→ Exercise objective:
Give exactly the lines from the one with "Thumbnail: 2022 INFINITI QX60 - 8" through the final line of the listing below, both included, leaving out any pictures.

→ Dataset extract:
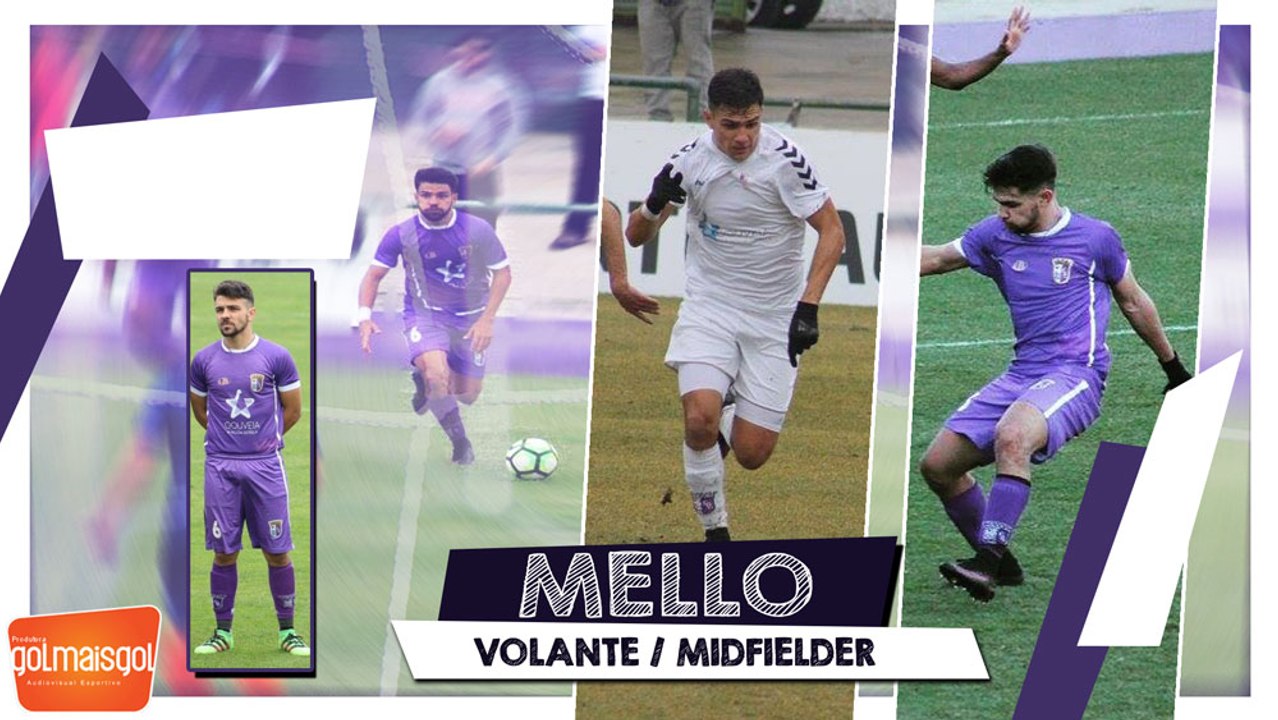 MELLO - Filipe Bezerra de Mello - Volante - www.golmaisgol.com.br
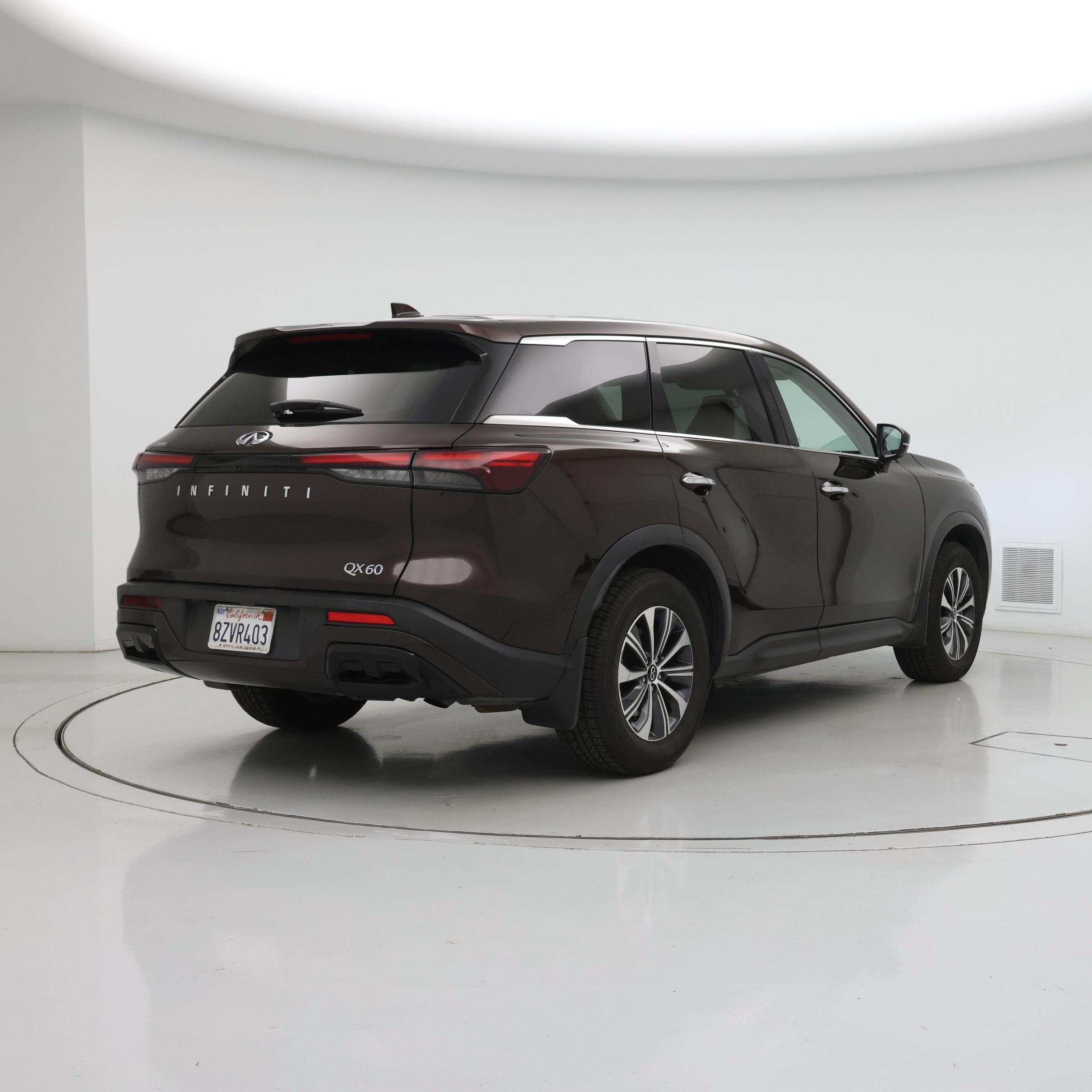 Thumbnail: 2022 INFINITI QX60 - 8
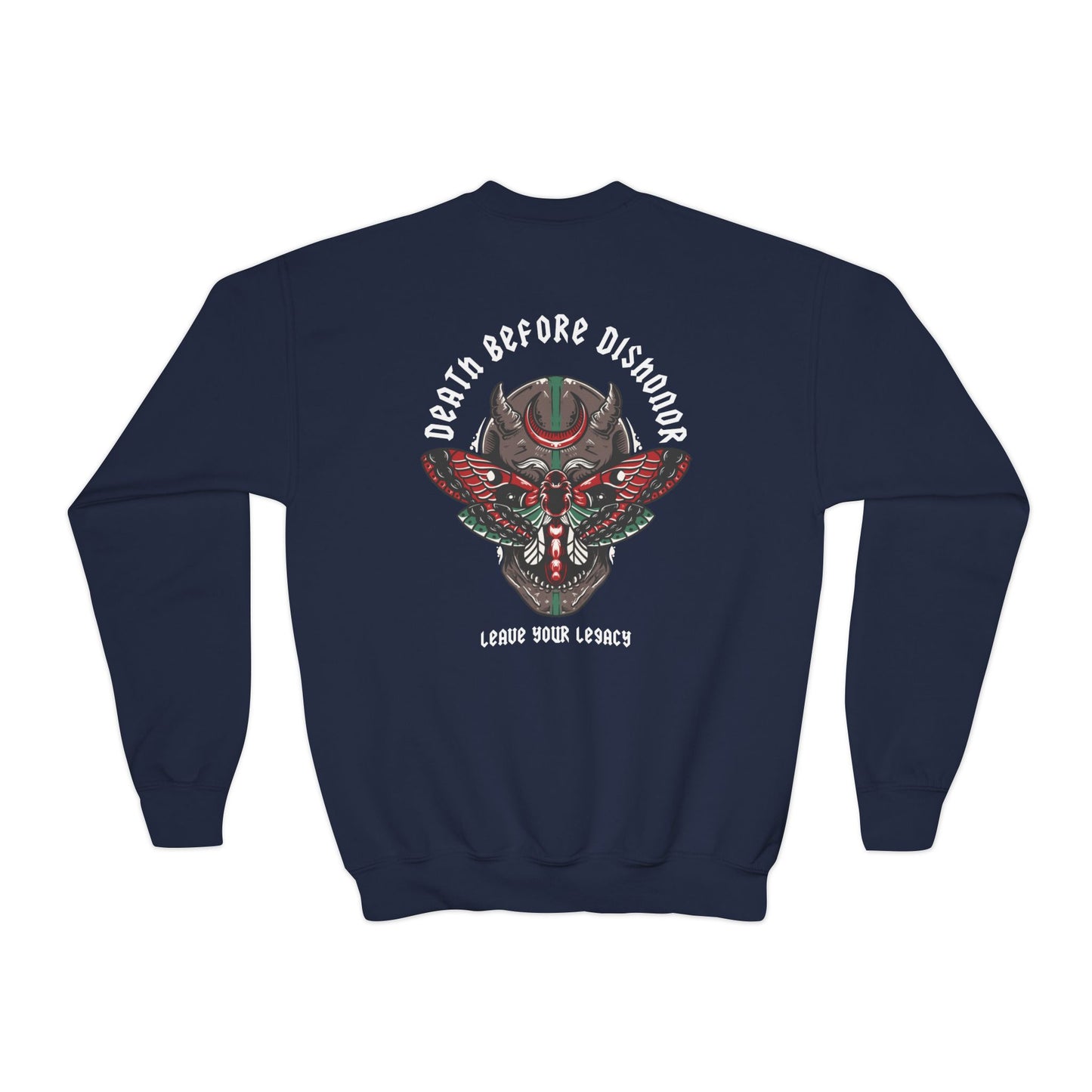 Youth 'Death Before Dishonor' Sweatshirt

→ Task output:
 Thumbnail: 2022 INFINITI QX60 - 8
 Youth 'Death Before Dishonor' Sweatshirt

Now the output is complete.